Kunci dari teknologi ini adalah bagaimana mendapatkan lebih banyak ukuran-ukuran bubble yang sangat halus. Tujuan dari modifikasi teknologi fine bubble adalah untuk mendapatkan bubble yang lebih stabil di air, karena ukurannya yang sangat halus, tingkat kelarutan di air yang lebih tinggi, serta jumlahnya yang lebih banyak. Sifatnya homogen, serta dapat digunakan untuk berbagai gas yang spesifik selain udara (O2, CO2, N2, dll).

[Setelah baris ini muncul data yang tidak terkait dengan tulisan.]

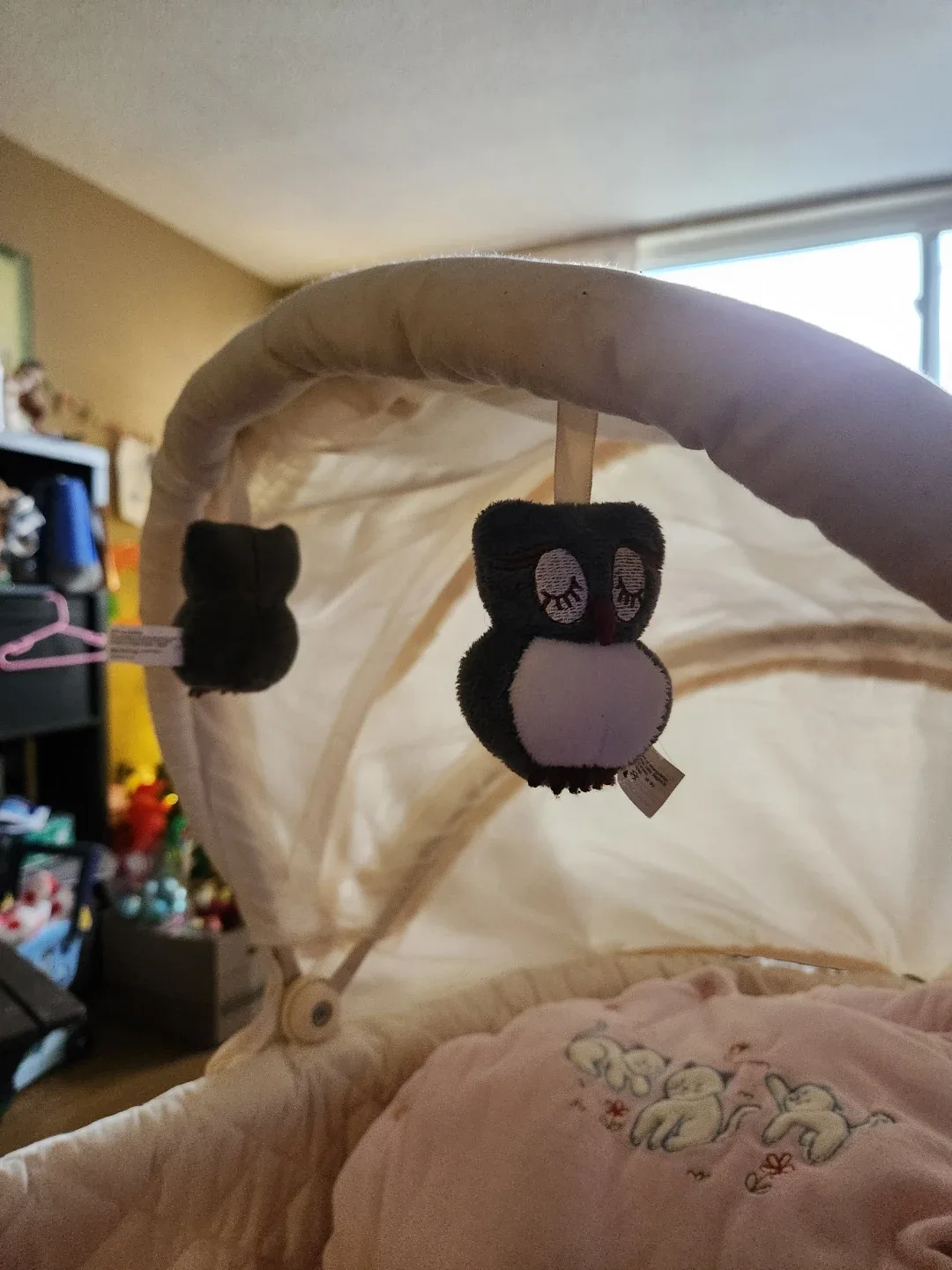 Lily Baby I Love You Bassinet image indicator(3)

“Teknologi ini dapat diaplikasikan di berbagai bidang pertanian, peternakan, tanaman, perikanan dan sebagainya,” ungkap Aris.
Terobosan Baru
Teknologi fine bubble dapat merevolusi beberapa hal. Contohnya, fungsi pupuk urea yang akan tergantikan oleh mesin-mesin ultrafine bubble, karena mampu memproduksi Nitrogen. Disamping itu, teknologi fine bubble bisa mempercepat proses germinasi dan breaking dormancy.
Hasil uji coba yang Aris dan timnya di berbagai negara, termasuk Indonesia, teknologi ini terbukti efektif menghasilkan proses germinasi yang lebih cepat pada tanaman barley seeds, soybean, bawang putih, padi, tanaman hutan dan lain sebagainya. Tumbuhan yang lebih cepat tumbuh dan kesuburannya lebih bagu dibanding pada umumnya.
“Dengan kampanye ecofriendly, juga menjadi bagian tantangan yang dihadapi. Peluang dan tantangan ini membutuhkan teknologi yang dapat menjembatani aplikasinya pada masyarakat. Fine bubble dan ultrafine bubble adalah solusi yang optimal,” tutur Prof. Dr. Aris Purwanto.